### [Dataset extract]
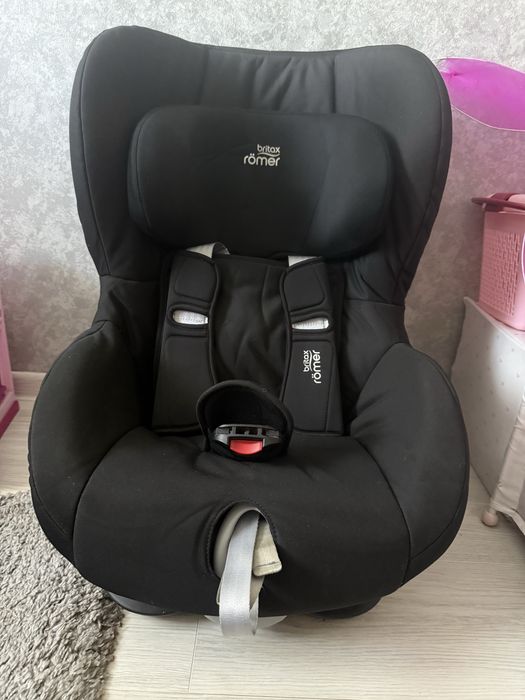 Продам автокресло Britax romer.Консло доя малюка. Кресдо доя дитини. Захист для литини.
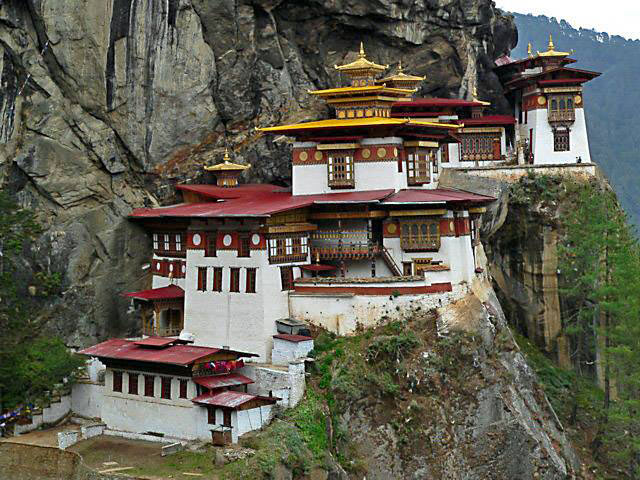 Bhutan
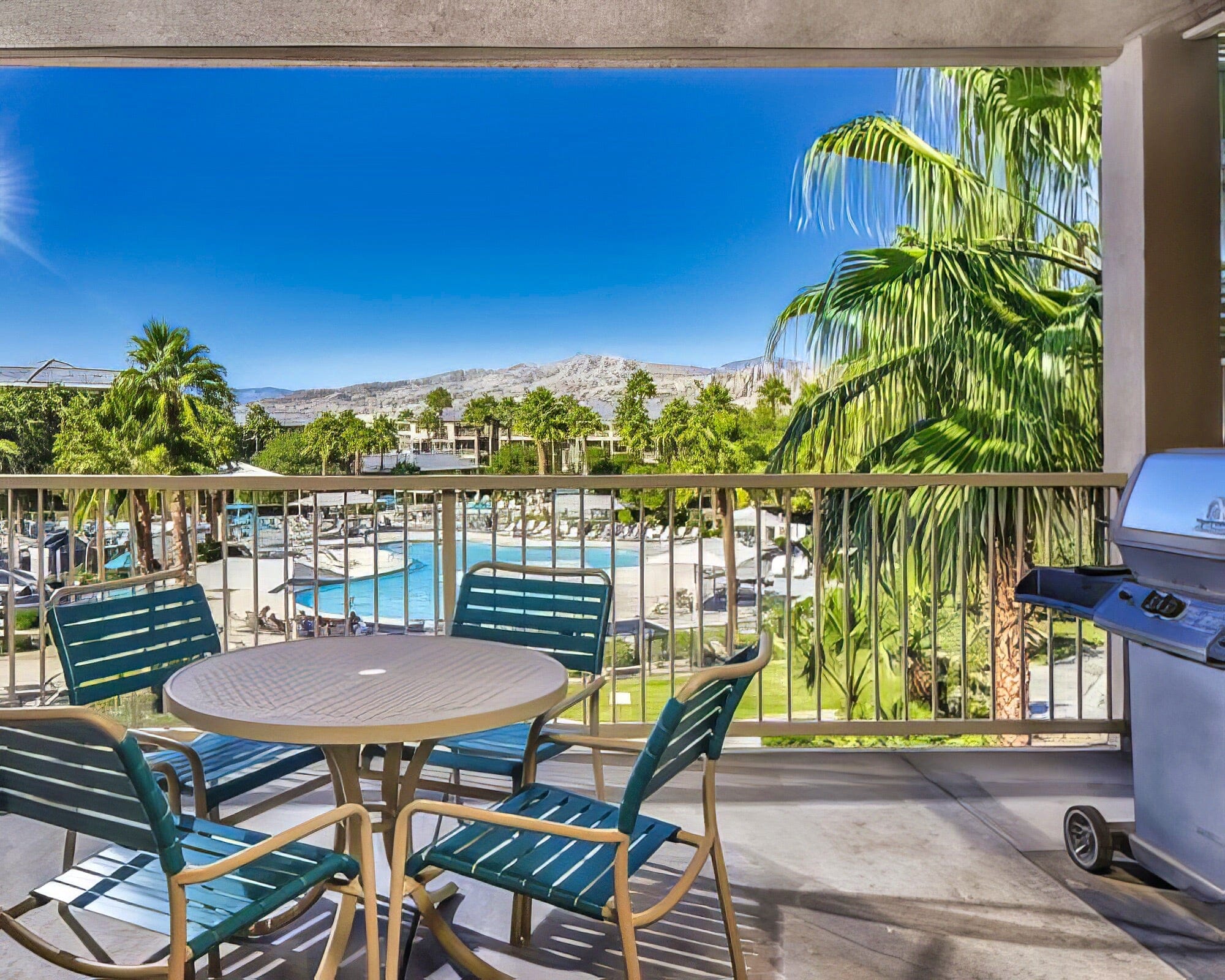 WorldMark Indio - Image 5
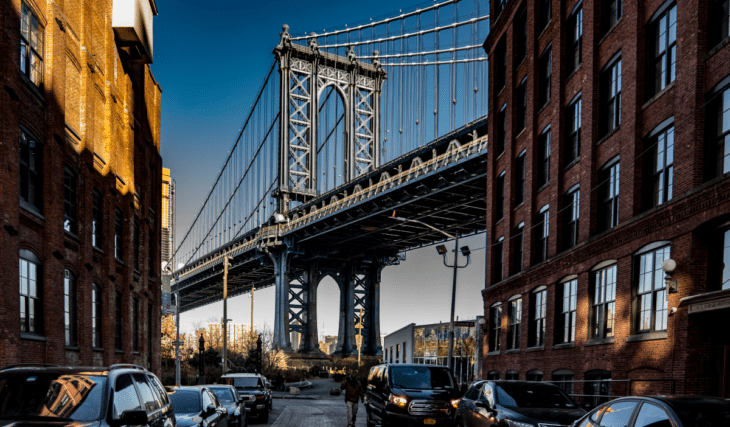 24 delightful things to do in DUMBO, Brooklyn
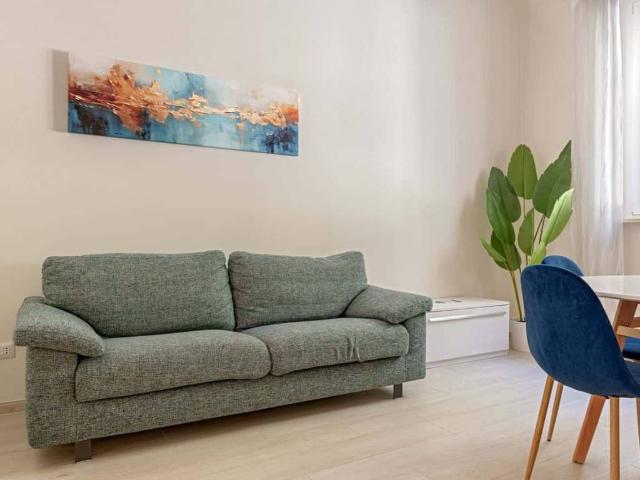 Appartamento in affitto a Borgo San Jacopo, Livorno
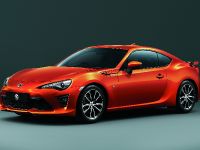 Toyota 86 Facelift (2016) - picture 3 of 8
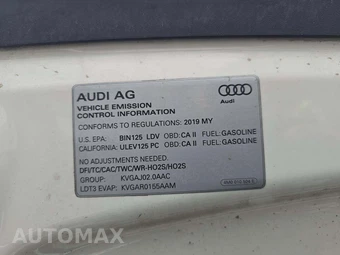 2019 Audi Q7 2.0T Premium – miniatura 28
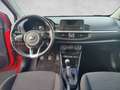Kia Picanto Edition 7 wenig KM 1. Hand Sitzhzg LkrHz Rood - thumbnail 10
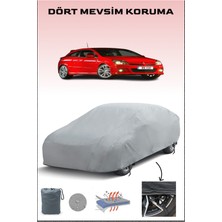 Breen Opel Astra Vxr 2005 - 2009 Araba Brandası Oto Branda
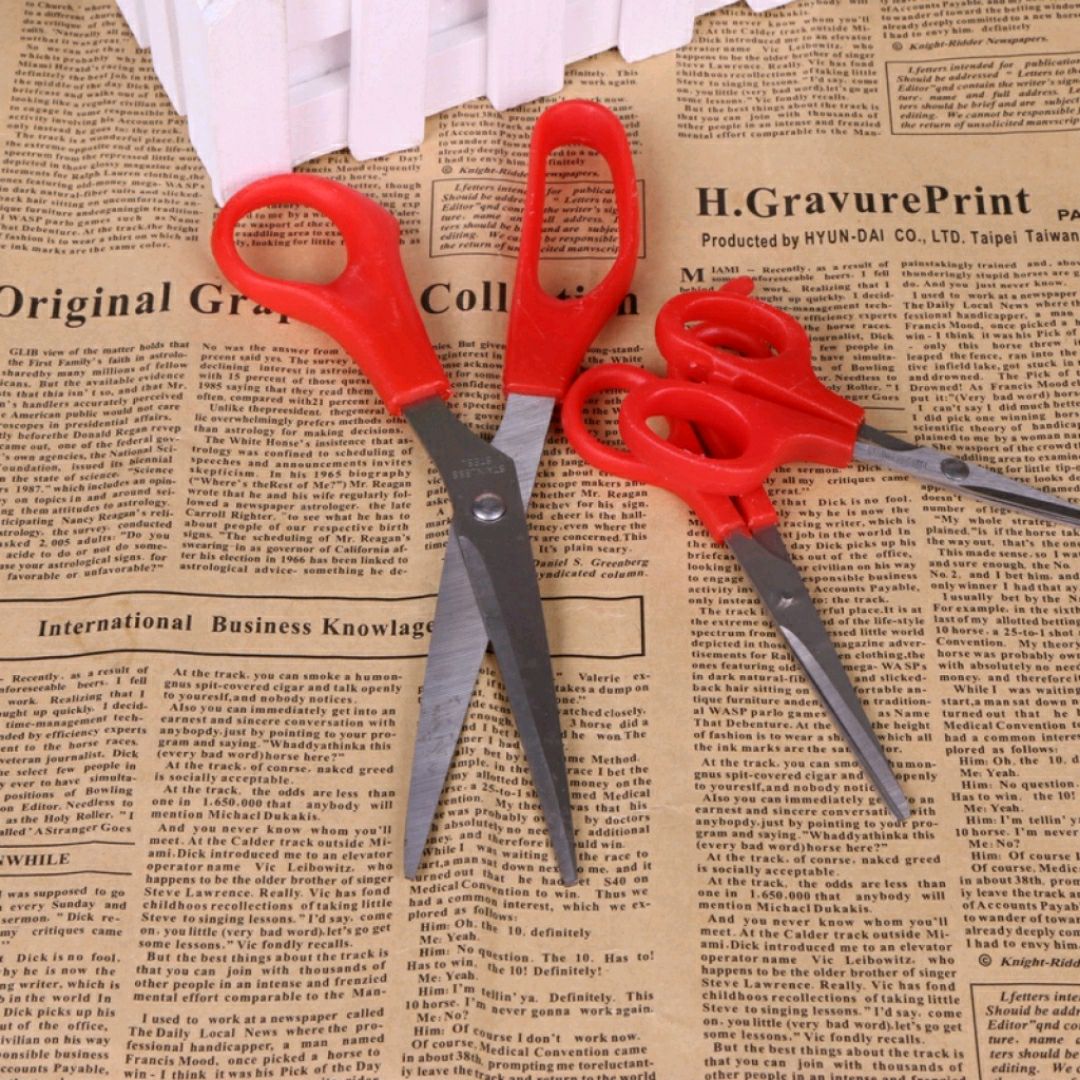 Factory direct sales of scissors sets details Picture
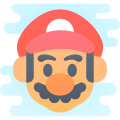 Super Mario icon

### [Exercise goal]
Rewrite the data above exactly as given, but omit the images.

### [The completed task]
 Продам автокресло Britax romer.Консло доя малюка. Кресдо доя дитини. Захист для литини.
 Bhutan
 WorldMark Indio - Image 5
 24 delightful things to do in DUMBO, Brooklyn
 Appartamento in affitto a Borgo San Jacopo, Livorno
 Toyota 86 Facelift (2016) - picture 3 of 8
 2019 Audi Q7 2.0T Premium – miniatura 28
Kia Picanto Edition 7 wenig KM 1. Hand Sitzhzg LkrHz Rood - thumbnail 10
 Breen Opel Astra Vxr 2005 - 2009 Araba Brandası Oto Branda
 Factory direct sales of scissors sets details Picture
 Super Mario icon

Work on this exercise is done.